Large scale diversions and withdrawals of water in the upstream of rivers leave little fresh water available for the downstream uses. Not many perennial rivers have adequate fresh water flow during summer to maintain the desired environmental flow (or ecological flow) for sustaining basic ecosystem functions (services)-e.g., groundwater recharge. In many parts of India, groundwater level is falling at an alarming rate. Adoption of water intensive crops (e.g., sugarcane, paddy) throughout the year. Low investment in surface water based irrigation system, unreliability of canal water supply, political interference in distribution of canal water, and elite capturing lead to increasing dependence on groundwater for irrigation. Reckless pumping of groundwater over the year, encouraging rainwater harvesting and watershed structures at the upstream which leave little water available for downstream lead to fall in groundwater level. Myopic approach in water resources management by withdrawing public investment from surface water based irrigation system; encouraging irrigated agriculture and groundwater based irrigation system by providing free electricity are among the primary causes of the present scarcity of water. Adoption of irrigated agriculture and shifting cropping pattern in favors of water intensive crops reduces adaptive capacity of agriculture to water scarcity.

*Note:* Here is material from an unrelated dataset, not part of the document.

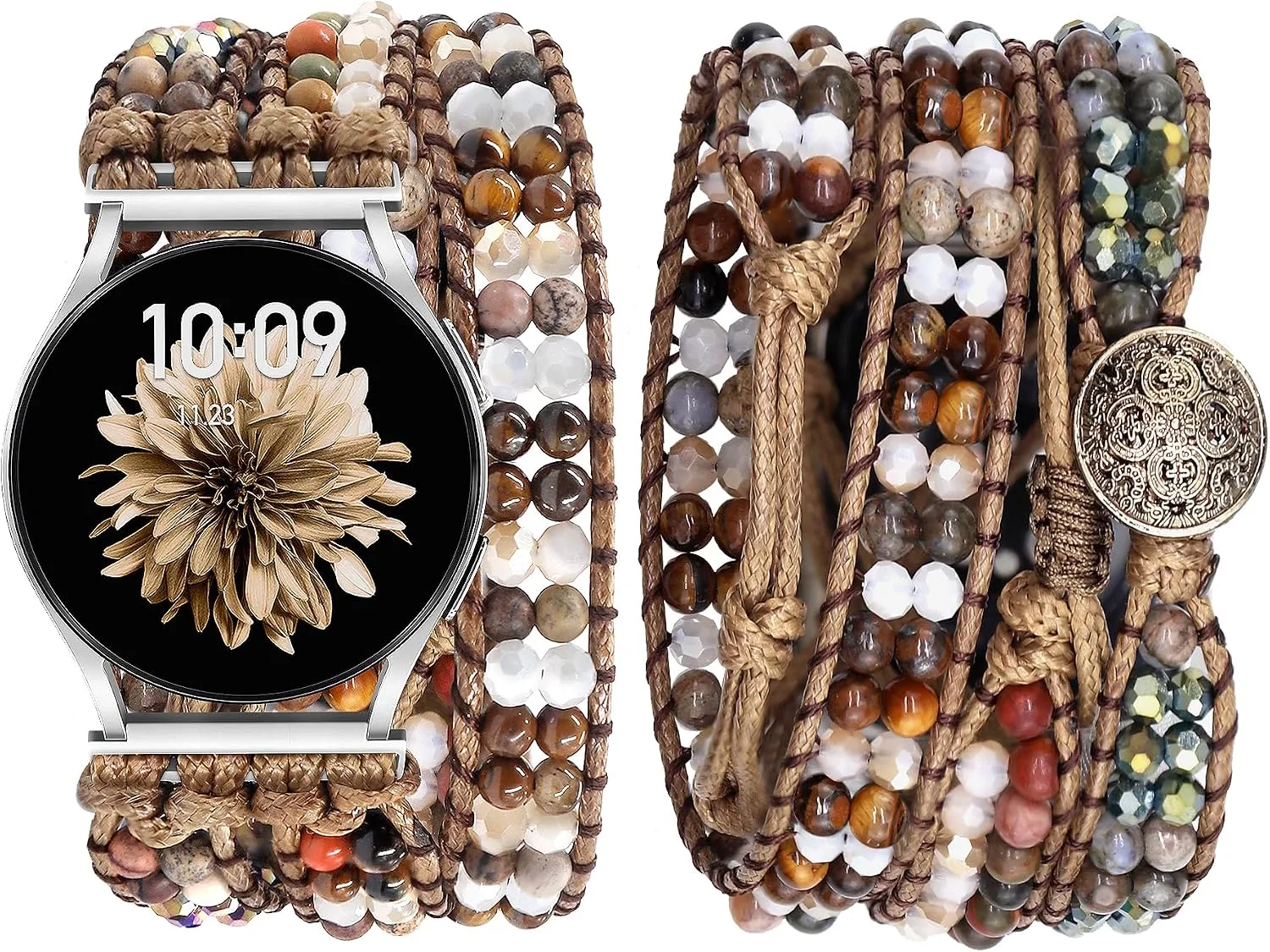 Correa para reloj JR.DM Boho Beaded trenzada artesanal 20mm compatible Samsung Galaxy Watch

Now the key questions that emerge (are – a) do we need production of so many water-intensive crops (e.g., paddy. Wheat, sugarcane), and allow them to rot in open fields or exports at throughway prices? And b) since many parts of India are grappling under severe water scarcity, shall we continue with our present pricing of water? Water use efficiency is very low in India and our overall water productivity, as measured by constant 2005 US$ GDP per cubic meter of total freshwater withdrawal, is much lower than the world average and it is also lower than the corresponding figures for developing countries in Latin America and Caribbean and Sub-Saharan African countries. In the absence of full cost pricing of water (e.g., production and distribution cost, resource cost, environmental cost, scarcity value), it cannot promote water use efficiency and therefore, water productivity will remain low in India.

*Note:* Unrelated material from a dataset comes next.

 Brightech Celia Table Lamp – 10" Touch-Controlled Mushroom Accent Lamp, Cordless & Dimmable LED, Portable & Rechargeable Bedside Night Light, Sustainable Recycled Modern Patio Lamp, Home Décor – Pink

Like scarcity, floods also have substantial economic impacts. Apart from large scale loss of crops and property, livestock and human lives, it results in morbidity due to water borne diseases. The economic, social and environmental costs of floods may not be lower than the cost of constructing flood mitigation infrastructure. Limited storage capacity of our reservoirs and dams, climate variability and high inflow of water during monsoons lead recurrent phenomenon in Indian cities. In many cities, there is no storm water management infrastructure separate from domestic wastewater infrastructure is under stress and not adequate to handle all the waste water generated in the city. Negligence in management of natural drainage channels and traditional water storage structures like rainwater tanks and wetlands further aggravate the problem. Storm water is a valuable freshwater resource and if managed properly, it could reduce dependence of cities on water supply from far away sources. Water footprint of our cities is expanding very fast and in most of the cases, it is far away from the cities Recent blocking of water supply from the Munak canal (in Haryana) and large scale water scarcity in Delhi shows how cities are dependent on far away sources to meet day-to-day water needs.